Eric Geboers and Matteo Baldassari founded the company in 2016, and in this most recent proposal have recreated the demon statue Le Stryge, that sits on the roof of Notre Dame. Using only 3D printing it shows what is possible after the savage fire that destroyed the cathedral in Paris. The company used a combination of ash and limestone to replicate the gargoyle, which was an iconic feature of the architecture of the original. The gargoyle was added to the roof of the cathedral in the 19th century during a restoration project undertaken by Eugène Viollet-le-Duc.
The company believe that the materials left behind after the fire (including limestone and ash) should be used to address some of the philosophical problems of rebuilding such an iconic structure. Geboers stated:
“Isn’t a copy just a fake? Simply copying, pretending there never was a fire, would be a historical forgery.”
The limestone used in the construction of Notre Dame was popular in the building of much of Paris at that time. It was taken from mines that now lay underneath the mystical city. The proposal from Concr3de is one that would allow for one of the original materials used in the construction of Notre Dame to be reused, linking it to its past glories in a way that is effective in modern construction and design. Taking limestone and ash found at the scene of the fire now can be used in the process, even that damaged by the high temperatures.
The limestone would be broken down to the correct grade so that the fire damage no longer had any effect on it in the final product. The company used widely available scans of the statue to print it on an Armadillo White printer. The firm believe that in principle the technique could be used to print stone vaults to replace what was damaged when the spire collapsed through the roof. It is also thought that this could be a much more cost effective option that cutting new pieces of stone.

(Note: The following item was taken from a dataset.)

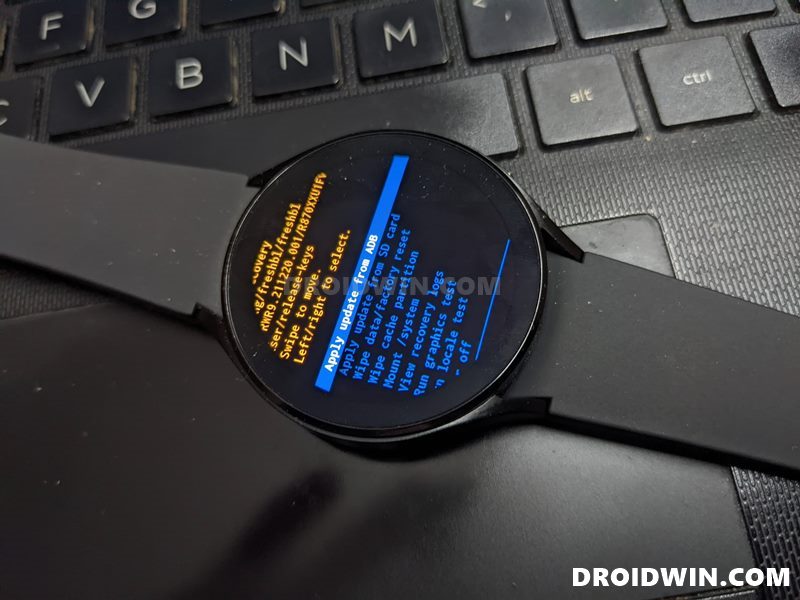 загрузите Galaxy Watch 4 в режим восстановления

This proposal came in response to the warning from the secretary general of the manual trades organisation in France, Les Compagnons du Devoir. They warn that it could take years to hire and train the relevant people to become masons and stonecutters that would be required to work on a project on such a grand scale. This is despite the pledge from French President Emmanuel Macron that Notre Dame would be rebuilt within 5 years. 3D printing could be used as a modern technique that fills this shortage of highly specialised professionals and put together the rebuild project over a much shorter period of time, whilst using materials from the original structure in the process.